In 2014, S&P 500, Hang Seng Index and HS300 rose 11.4%, 1.3%and 51.7% respectively. Asynchronized global economic recovery and "The Fourth Industrial Revolution (All-Intelligent, Low-Carbon)”defined by Midas Research in 2013 are on-going. The market expects Fed to enter the interest-rate hiking cycle as early as June 2015 while China entered interest-rate down-cycle already in 4Q14. Global commodity markets continue to suffer. China's economy is slowing down but expected to land softly on a "new norm". China is still the major power house of global growth. As a result of multiple factors, CNYUSD exchange rate is likely to go back to the track of long-term growth. Mainland Capital Market is now immersed in the atmosphere of high expectations and animal spirits due to huge profits generated from stock uptrend. Leveraged investments in mainland are extremely popular nowadays which concerns traditional value investors. Midas International Group (MIG)'s brother private fund house in mainland, i.e. Midas Investments China (MIC) achieved 116.7% growth in its equity fund and ranked 2nd among Chinese PE Fund houses in the same category. MIC's VC fund Midas Investment Fund (MIF) also invested millions in Qianhai EasyGo in 1Q15.
MIG's equity fund achieved 12.9% growth in 0.58 year and beat S&P500 by 7.7ppts by April 10th 2015. NAV of MIG increased 19.9% including income from advisory services.
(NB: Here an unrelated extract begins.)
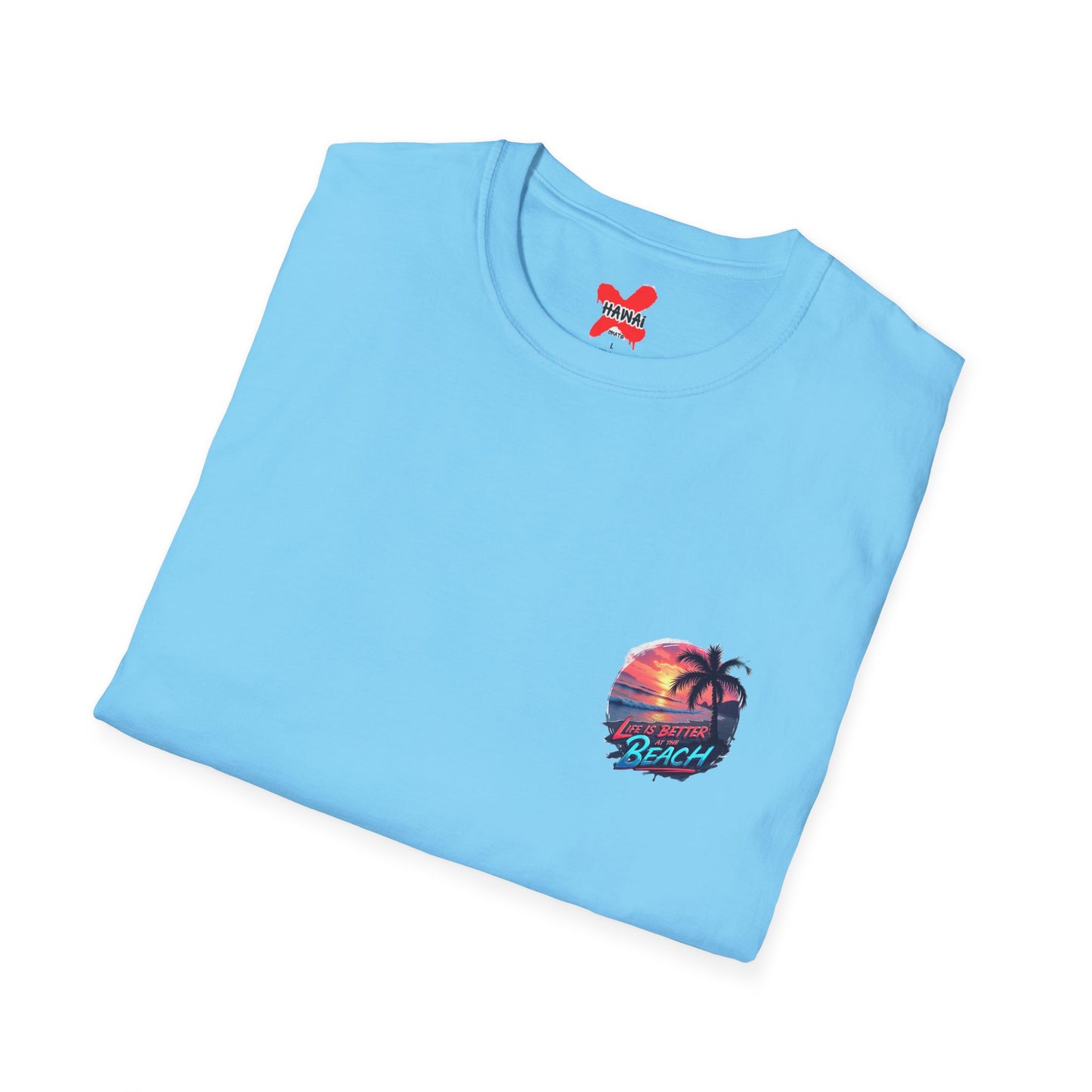 Unisex Softstyle Beach T-Shirt - "Life is Better at the Beach" Graphic Tee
MIG's equity fund has already covered SEHK, NYSE, NASDAQ, OTCBB markets globally. Our HK holdings outperformed and overall short-term growth was in-line with management's expectations although growth of US assets was tempered by the return of Chinese stocks which were under collective attacks by short-sellers and investigations by US law firms. However, short-term results are insignificant. MIG is solely a long-term asset management fund. MIG's management also invested millions into US startup Luvo Inc. led by Christine Day in March 2014, but the injection of such riskier assets in MIG is subject to the maturity of project. Luvo successfully attracted Goldman Sachs' affiliate company, Broad Street Principal Investments to become its strategic investor and invest US$ 45mn in 1Q15.
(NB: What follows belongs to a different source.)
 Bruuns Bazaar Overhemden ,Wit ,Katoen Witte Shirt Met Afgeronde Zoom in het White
Mainland China has been issuing new relaxations on cross-border investment restrictions to Hong Kong since 2014. These policies included but not limited to "Shanghai-Hong Kong Stock Connect program (SHSC)", QDII/QFII quota lifting, relaxations on overseas investment restrictions to mainland insurance companies and public funds. The following schemes are also in talk: 1. Mutual recognition of funds domiciled in either HK or mainland China; 2. "Shenzhen-Hong Kong Stock Connect"; 3. "Bond Connect"; 4. "GEM Connect"; 5. Quota lifting of SHSC. As an early signal, SHSC's daily southbound aggregate quota was used up for the first time on April 8th. The daily turnover in HK stock market then reached a historical high of HK$ 250 billion. The "Barbarians" from the north are increasingly flooding through the "gate", and they are not likely to stop.